Key Takeaways
- Attackers log in, not crack: stolen credentials appear in 22% of breaches, 88% of web-app attacks.
- Phishing is the entry point in roughly 15% of breaches, tricking users into typing real passwords.
- Reuse is the weak link: only 49% of an infected user’s passwords are unique.
- Your best defenses: a unique password per account plus two-factor authentication.
The data shows attackers rarely “crack” passwords – they collect, buy, or trick their way to them.
The Story Behind the Numbers
When we picture someone stealing a password, we imagine furious typing and cracked codes. The real data tells a calmer, more unsettling story: most attackers simply log in with credentials someone already leaked or handed over.

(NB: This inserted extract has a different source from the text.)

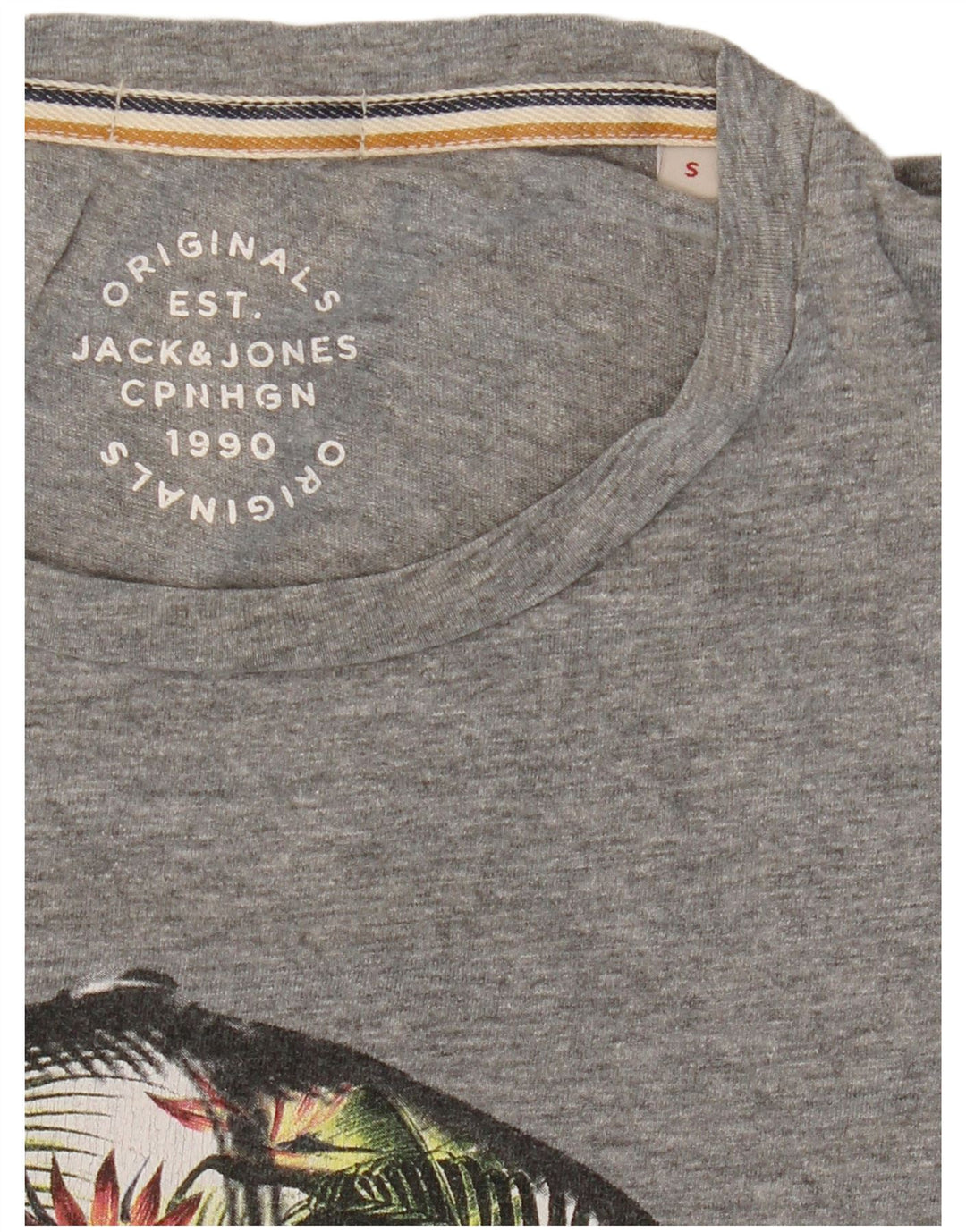 JACK & JONES Herren-T-Shirt mit Grafik, Größe S, Grau meliert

Verizon’s 2025 Data Breach Investigations Report examined 12,195 confirmed breaches across 139 countries. Stolen credentials were the single most common way attackers first broke in, showing up in 22% of breaches; in attacks aimed directly at web applications, 88% relied on them. So where do those passwords come from? Three main sources: large data breaches at companies you’ve used, infostealer malware that quietly harvests saved logins from infected devices, and phishing – tricking you into typing your password into a fake page, the entry point in roughly 15% of breaches.

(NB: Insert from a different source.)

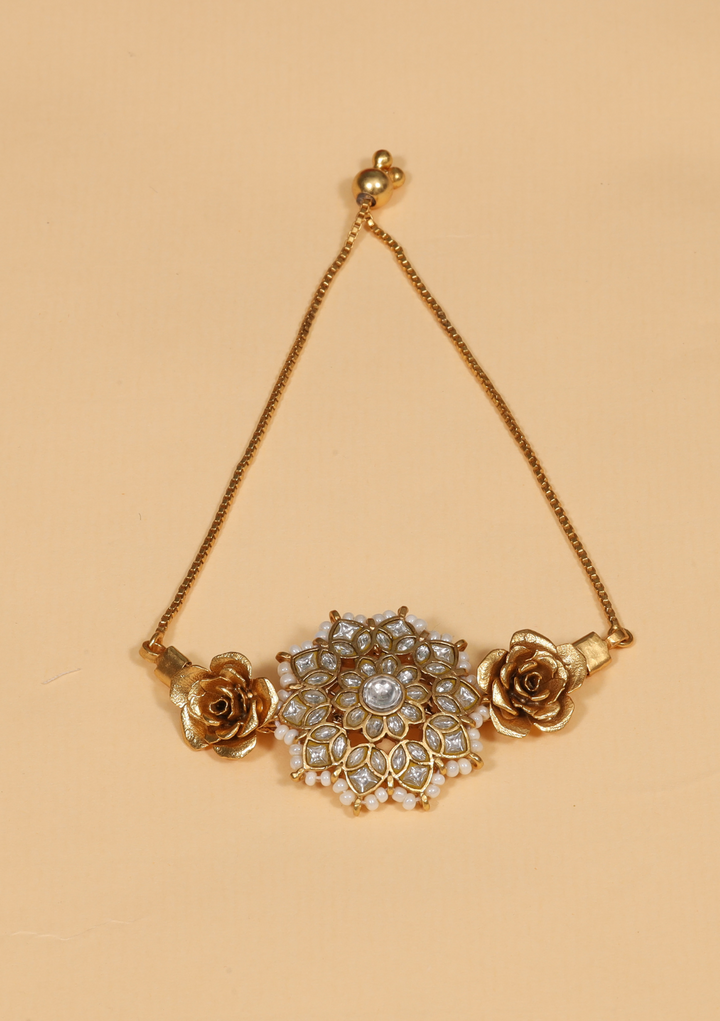 Avalika White Jadau Kundan Bracelet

The pattern is hard to miss. Hackers rarely break your password. They collect it, buy it, or fool you into giving it away.
Why This Data is Important
These numbers should change how you protect yourself. If most attacks rely on leaked or reused passwords, your everyday habits matter more than any single product.
Password reuse is the weak link. For the average infected user, the DBIR found only 49% of their passwords were unique – so one leak can unlock many accounts. This feeds “credential stuffing,” where bots test stolen logins across the web; at some sign-in providers, those attempts made up 19% of all login traffic.
Two habits cut your risk sharply: use a different password for every account, and turn on two-factor authentication. On public Wi-Fi, where data can be intercepted, a VPN scrambles your traffic so snoopers can’t read it, while hiding your IP address keeps you harder to trace.
Looking Ahead: Future Outlook
Passwords are slowly being replaced. Passkeys – logins tied to your device instead of a typed secret – are rolling out across major services and resist phishing entirely. Attackers are adapting too: “prompt bombing,” which spams you with login-approval requests until you tap yes, now appears in 14% of incidents. Until passwordless logins go mainstream, unique passwords, two-factor authentication, and a reliable VPN on untrusted networks remain your strongest defense.
Source & Methodology
All figures come from the Verizon 2025 Data Breach Investigations Report, an annual study that analyzed 22,052 real-world security incidents and 12,195 confirmed breaches from 139 countries, with data contributed by law enforcement, forensic firms, and cybersecurity organizations worldwide. Reported percentages reflect breaches where the cause could be confirmed.